Aprendi desde cedo que a precondição necessária de todo governo democrático é a proteção às liberdades civis. No entanto, mesmo para uma definição mínima de democracia, não bastam nem a atribuição a um elevado número de cidadãos do direito de participar da tomada de decisões coletivas, nem a existência de procedimento eleitoral para caracterizar um sistema democrático. É indispensável uma terceira condição: é preciso que aqueles que são chamados a decidir sejam colocados diante de alternativas reais de liberdade de expressão e postos em condição de poder exigir o respeito ao cumprimento das leis e aos princípios democráticos.
E o populismo ignora justamente isso, pregando uma democracia fajuta que não leva em conta os direitos individuais. A América Latina é um exemplo inequívoco de que o populismo econômico e político resistem mesmo diante dos mais contundentes fracassos. Imprensa acuada, Judiciário cooptado, opositores exilados, economia estatizada, Legislativo domesticado, educação ideologizante e liberdade amordaçada são as marcas contundentes de uma América Latina cercada de governantes interessados no “socialismo do século XXI”. E o que mais impressiona são os formadores de opinião prontos a lhes dar credibilidade e simpatizantes ansiosos por conceder vida nova a ideias que pareciam extintas.

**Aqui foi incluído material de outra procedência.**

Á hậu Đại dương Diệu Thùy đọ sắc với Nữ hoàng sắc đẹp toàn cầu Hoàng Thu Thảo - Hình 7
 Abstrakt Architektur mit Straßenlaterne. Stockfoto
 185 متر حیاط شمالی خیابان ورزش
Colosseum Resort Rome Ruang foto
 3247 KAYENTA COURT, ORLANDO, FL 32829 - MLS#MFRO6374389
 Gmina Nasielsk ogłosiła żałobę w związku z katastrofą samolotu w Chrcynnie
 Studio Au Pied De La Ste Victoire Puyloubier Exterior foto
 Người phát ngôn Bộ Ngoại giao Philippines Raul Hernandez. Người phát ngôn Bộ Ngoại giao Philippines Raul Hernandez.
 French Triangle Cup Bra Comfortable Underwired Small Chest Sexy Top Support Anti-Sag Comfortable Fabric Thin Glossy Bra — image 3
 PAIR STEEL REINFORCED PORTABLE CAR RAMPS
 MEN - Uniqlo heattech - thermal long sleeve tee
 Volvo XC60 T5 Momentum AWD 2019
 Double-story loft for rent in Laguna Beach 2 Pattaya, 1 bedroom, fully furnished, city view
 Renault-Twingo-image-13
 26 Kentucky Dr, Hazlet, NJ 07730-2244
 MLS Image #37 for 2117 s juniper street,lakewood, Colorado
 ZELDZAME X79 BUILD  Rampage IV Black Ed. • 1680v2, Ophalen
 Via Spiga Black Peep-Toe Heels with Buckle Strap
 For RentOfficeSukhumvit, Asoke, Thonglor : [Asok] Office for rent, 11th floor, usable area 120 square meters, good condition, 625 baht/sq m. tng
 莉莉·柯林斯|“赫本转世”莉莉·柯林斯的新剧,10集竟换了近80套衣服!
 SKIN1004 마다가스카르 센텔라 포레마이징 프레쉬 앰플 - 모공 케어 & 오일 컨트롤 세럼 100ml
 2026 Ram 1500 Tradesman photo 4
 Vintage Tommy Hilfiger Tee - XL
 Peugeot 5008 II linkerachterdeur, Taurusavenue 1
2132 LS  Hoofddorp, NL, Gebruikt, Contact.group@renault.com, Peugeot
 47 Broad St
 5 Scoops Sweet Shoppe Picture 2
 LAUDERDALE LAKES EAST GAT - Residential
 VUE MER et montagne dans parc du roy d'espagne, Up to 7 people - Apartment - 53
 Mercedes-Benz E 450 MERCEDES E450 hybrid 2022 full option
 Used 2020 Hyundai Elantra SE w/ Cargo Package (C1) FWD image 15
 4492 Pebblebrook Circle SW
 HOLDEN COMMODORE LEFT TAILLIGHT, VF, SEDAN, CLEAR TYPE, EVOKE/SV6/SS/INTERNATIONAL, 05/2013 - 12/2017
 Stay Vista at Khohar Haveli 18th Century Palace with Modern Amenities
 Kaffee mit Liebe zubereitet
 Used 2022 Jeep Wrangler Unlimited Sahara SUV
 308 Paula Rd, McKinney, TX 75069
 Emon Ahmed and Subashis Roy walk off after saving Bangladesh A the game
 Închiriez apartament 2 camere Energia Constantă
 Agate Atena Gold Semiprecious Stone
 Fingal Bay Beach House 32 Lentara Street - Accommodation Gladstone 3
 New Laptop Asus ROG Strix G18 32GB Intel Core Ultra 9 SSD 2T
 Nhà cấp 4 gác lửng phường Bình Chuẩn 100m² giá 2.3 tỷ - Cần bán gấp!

Na América Latina o que está em jogo é o futuro da democracia. E em que consiste o bom governo democrático se não, acima de tudo, no rigoroso respeito às regras do jogo? Lamentavelmente, os princípios democráticos têm sido manipulados para subverter a própria democracia. Será difícil enxergar que os desejos da sociedade precisam predominar em todas as questões públicas, mas nunca transgredindo os direitos básicos dos indivíduos?
Aliás, por que ninguém questiona que a entrada da Venezuela no Mercosul significa ratificar os projetos autoritários do coronel Chávez, além simbolizar uma ameaça à estabilidade da América Latina com o financiamento e o apoio a grupos radicais de países vizinhos, a formação de uma milícia civil e a aliança com a ditadura cubana de Fidel Castro?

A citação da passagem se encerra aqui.